--- START ---

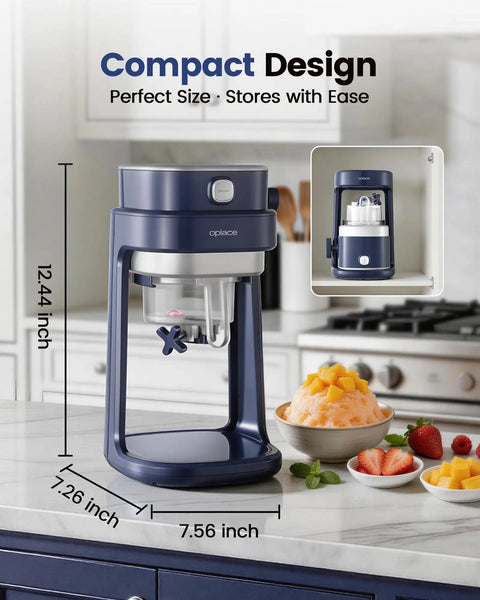 Oplace Home Shaved Ice Machine Electric Snow Cone Maker With Auto Press Button and Blade Adjustment For Slushies Bingsu Quick Ice Crushing One-Press Operation Blue Compact Design displayed on a kitchen counter.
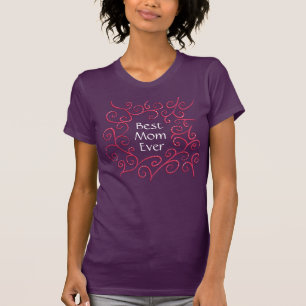 Best mum ever elegant pink swirls modern T-Shirt
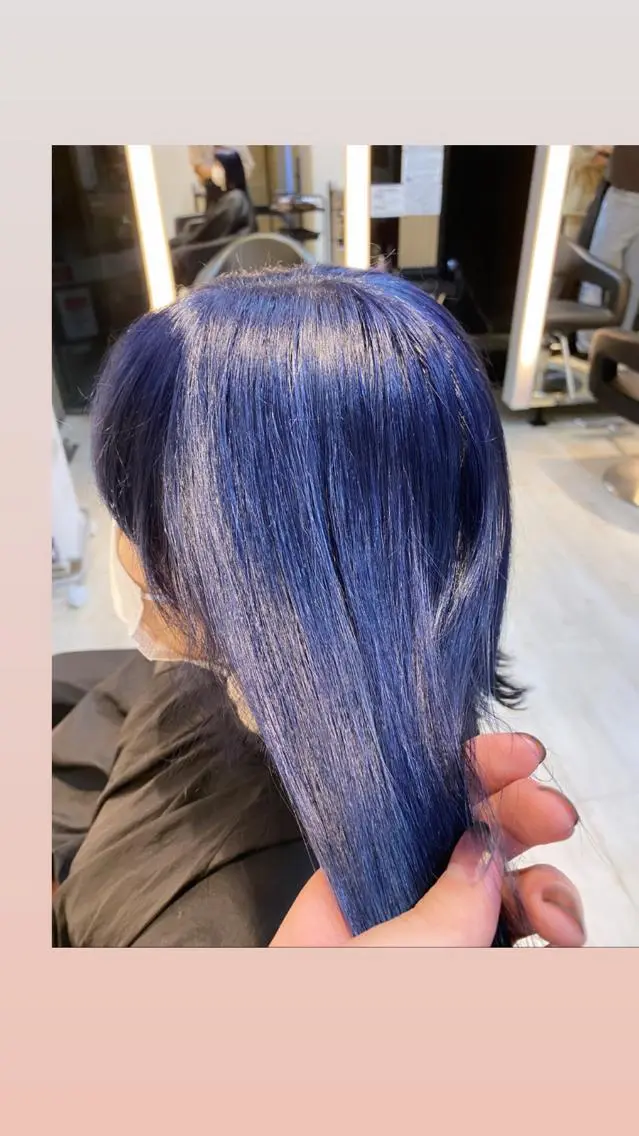 ミディアム カラー ブルーカラー ブルーバイオレット バイオレットカラー 鈴木/ボブ/ ミルクティー/ピンクのヘアスタイル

--- END ---

> [How to complete this task]: Take every line of the material and copy it exactly, leaving out the pictures.

> [Result]:
 Oplace Home Shaved Ice Machine Electric Snow Cone Maker With Auto Press Button and Blade Adjustment For Slushies Bingsu Quick Ice Crushing One-Press Operation Blue Compact Design displayed on a kitchen counter.
 Best mum ever elegant pink swirls modern T-Shirt
 ミディアム カラー ブルーカラー ブルーバイオレット バイオレットカラー 鈴木/ボブ/ ミルクティー/ピンクのヘアスタイル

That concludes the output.